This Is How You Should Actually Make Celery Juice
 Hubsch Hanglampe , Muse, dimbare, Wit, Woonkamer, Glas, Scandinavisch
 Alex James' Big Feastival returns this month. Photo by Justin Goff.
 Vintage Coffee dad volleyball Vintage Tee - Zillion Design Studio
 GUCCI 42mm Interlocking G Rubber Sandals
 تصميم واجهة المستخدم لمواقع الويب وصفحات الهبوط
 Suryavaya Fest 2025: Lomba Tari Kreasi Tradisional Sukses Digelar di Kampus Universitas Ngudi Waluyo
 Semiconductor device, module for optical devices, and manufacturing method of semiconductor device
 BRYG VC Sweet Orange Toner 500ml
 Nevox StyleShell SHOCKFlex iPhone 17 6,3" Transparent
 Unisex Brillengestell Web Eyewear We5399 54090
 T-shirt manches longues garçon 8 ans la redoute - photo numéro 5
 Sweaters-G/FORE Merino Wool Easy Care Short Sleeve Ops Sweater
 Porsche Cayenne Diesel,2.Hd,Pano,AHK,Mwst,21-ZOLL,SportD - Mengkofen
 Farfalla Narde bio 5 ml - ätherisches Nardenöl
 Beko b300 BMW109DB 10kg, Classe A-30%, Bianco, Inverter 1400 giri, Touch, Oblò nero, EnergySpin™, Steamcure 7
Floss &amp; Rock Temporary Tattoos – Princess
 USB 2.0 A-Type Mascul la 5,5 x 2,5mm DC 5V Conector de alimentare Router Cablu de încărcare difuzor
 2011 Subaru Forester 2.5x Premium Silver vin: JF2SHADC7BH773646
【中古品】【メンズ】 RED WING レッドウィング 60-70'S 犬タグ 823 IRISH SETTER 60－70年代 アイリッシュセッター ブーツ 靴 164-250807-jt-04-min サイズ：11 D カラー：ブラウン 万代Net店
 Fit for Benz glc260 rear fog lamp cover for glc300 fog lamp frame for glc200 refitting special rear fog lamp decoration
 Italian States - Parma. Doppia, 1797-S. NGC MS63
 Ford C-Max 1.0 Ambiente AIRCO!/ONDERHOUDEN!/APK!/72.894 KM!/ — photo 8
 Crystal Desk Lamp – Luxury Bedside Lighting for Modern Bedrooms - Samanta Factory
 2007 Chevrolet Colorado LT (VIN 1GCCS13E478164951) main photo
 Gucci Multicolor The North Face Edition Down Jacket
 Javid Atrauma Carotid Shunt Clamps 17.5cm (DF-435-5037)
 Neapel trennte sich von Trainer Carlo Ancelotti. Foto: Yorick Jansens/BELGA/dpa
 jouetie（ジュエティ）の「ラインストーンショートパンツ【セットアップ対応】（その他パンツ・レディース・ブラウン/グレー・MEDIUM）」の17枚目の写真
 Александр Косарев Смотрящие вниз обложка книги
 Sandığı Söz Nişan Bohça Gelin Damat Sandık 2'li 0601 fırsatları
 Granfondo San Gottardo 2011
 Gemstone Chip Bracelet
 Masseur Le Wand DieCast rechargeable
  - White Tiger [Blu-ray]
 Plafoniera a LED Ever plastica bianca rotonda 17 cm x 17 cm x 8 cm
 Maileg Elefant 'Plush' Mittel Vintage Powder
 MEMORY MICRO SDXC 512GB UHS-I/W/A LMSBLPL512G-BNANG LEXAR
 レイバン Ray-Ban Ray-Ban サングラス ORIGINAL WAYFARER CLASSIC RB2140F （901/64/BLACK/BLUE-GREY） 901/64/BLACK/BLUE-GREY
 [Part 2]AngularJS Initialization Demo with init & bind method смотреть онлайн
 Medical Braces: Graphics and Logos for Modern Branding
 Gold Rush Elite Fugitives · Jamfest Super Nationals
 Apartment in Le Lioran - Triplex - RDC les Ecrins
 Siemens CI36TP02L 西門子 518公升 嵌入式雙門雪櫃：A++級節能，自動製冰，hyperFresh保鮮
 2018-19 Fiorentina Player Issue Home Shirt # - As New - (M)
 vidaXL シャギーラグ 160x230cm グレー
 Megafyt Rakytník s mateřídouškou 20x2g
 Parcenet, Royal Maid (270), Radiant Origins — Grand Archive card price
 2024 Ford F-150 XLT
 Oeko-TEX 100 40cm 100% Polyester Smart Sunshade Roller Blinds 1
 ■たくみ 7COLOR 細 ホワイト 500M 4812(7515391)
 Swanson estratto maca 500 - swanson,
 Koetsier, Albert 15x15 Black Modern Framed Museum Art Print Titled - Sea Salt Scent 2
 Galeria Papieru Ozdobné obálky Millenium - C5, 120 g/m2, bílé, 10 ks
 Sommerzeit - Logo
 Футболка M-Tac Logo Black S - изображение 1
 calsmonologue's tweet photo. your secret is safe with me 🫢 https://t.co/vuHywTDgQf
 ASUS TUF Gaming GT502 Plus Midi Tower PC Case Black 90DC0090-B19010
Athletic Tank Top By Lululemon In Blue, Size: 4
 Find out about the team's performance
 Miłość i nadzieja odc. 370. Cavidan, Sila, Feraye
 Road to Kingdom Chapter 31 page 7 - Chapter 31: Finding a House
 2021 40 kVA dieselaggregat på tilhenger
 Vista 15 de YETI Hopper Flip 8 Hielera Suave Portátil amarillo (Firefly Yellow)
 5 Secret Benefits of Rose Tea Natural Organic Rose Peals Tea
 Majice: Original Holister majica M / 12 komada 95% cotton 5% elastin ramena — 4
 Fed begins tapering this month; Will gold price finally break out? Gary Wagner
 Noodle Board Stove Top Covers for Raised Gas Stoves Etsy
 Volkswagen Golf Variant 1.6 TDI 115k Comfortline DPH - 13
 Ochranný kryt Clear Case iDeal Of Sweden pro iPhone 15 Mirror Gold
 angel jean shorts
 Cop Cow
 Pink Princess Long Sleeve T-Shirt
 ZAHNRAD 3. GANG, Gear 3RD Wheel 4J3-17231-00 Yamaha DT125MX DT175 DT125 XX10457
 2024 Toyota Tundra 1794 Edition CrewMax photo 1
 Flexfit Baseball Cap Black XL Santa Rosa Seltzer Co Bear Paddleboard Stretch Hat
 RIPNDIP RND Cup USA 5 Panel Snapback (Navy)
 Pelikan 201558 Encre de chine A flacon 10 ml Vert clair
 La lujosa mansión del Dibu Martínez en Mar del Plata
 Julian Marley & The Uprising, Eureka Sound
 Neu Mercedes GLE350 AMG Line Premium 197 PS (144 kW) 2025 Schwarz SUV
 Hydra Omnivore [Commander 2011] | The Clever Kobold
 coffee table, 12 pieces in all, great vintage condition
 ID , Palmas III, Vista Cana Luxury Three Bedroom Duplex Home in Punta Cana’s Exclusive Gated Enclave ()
▬▬▬
Please find each line in the records above that holds the word "Luxury", and copy it.

• [WRITTEN SOLUTION]:
 Crystal Desk Lamp – Luxury Bedside Lighting for Modern Bedrooms - Samanta Factory
 ID , Palmas III, Vista Cana Luxury Three Bedroom Duplex Home in Punta Cana’s Exclusive Gated Enclave ()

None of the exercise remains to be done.